**GOAL OF THE EXERCISE**
At the line with "For replacing the", start transcribing; stop after the last line of the data below. Keep it exact and leave pictures out.

===== DATASET EXTRACT

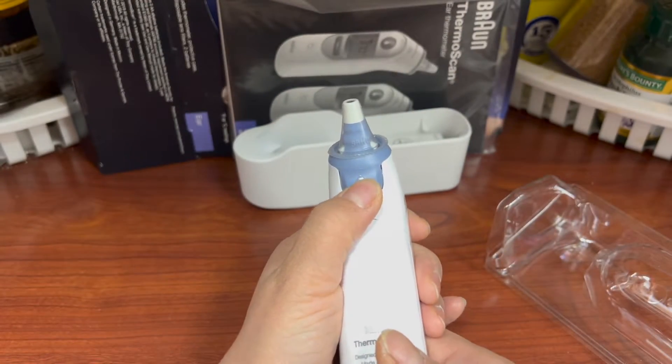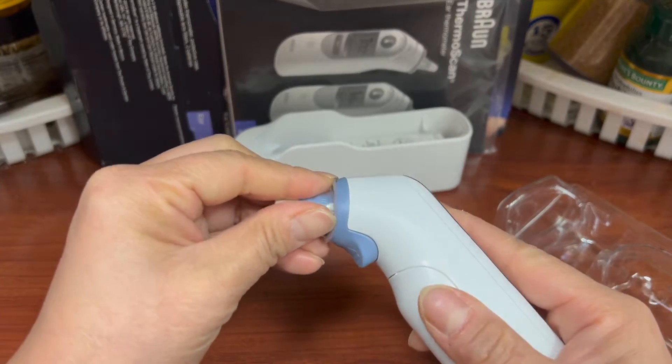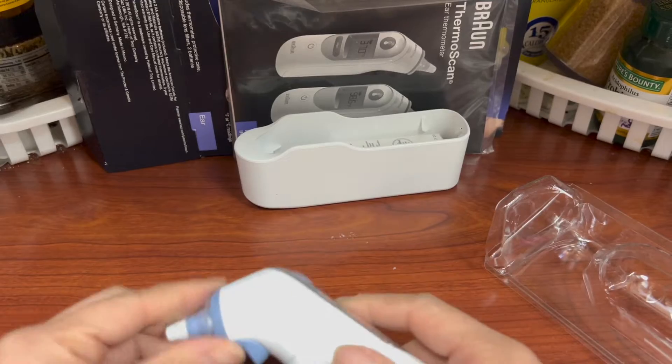So this button — press — you can get rid of the probe. Isn't that cool?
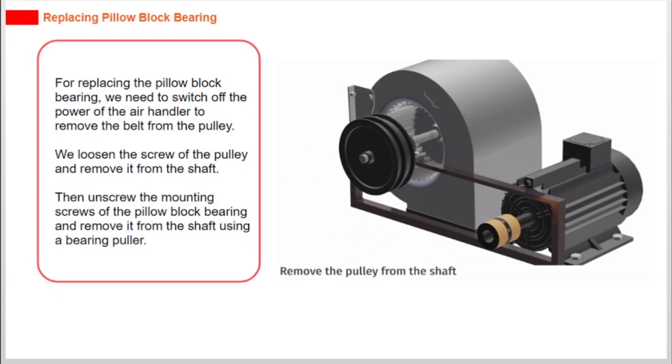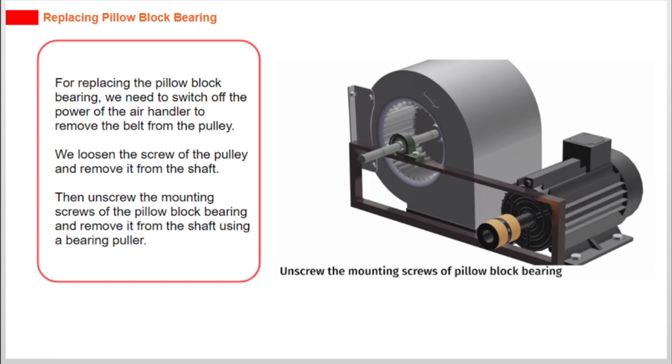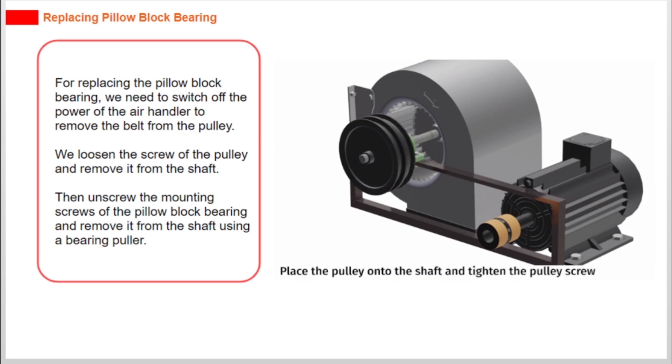For replacing the pillow block bearing, we need to switch off the power of the air handler to remove the belt from the pulley. We loosen the screw of the pulley and remove it from the shaft. Then unscrew the mounting screws of the pillow block bearing and remove it from the shaft using a bearing puller.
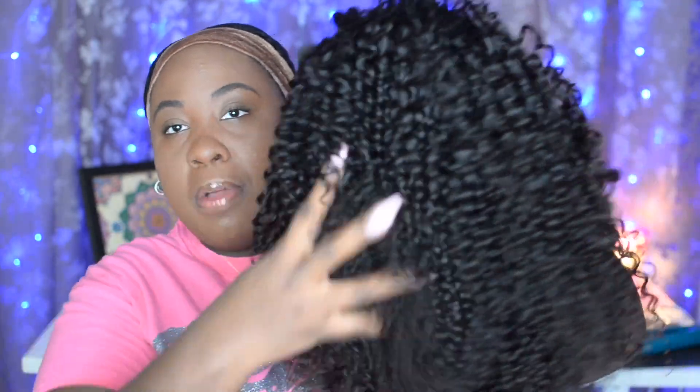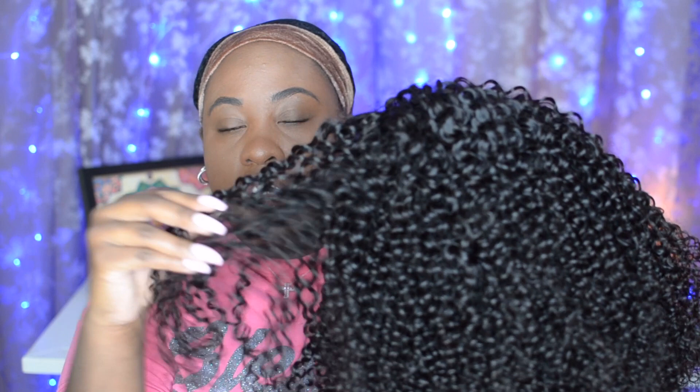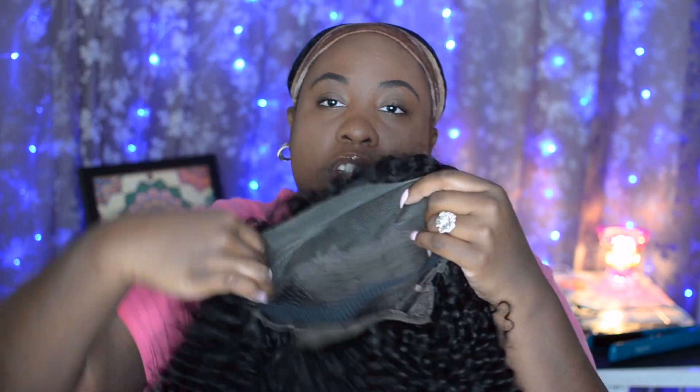This is the curl pattern of the hair. It's super pretty — a super tight curl, almost like a jerry curly type of pattern. On the inside of the wig, you have lace all the way back here. So essentially it's kind of like having a frontal wig, because that's about how much parting space you have — ear to ear and midway through the wig. And then you have your tracks that are sewn in very nicely.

==========

**ANSWER TO THE PROBLEM**
For replacing the pillow block bearing, we need to switch off the power of the air handler to remove the belt from the pulley. We loosen the screw of the pulley and remove it from the shaft. Then unscrew the mounting screws of the pillow block bearing and remove it from the shaft using a bearing puller.
This is the curl pattern of the hair. It's super pretty — a super tight curl, almost like a jerry curly type of pattern. On the inside of the wig, you have lace all the way back here. So essentially it's kind of like having a frontal wig, because that's about how much parting space you have — ear to ear and midway through the wig. And then you have your tracks that are sewn in very nicely.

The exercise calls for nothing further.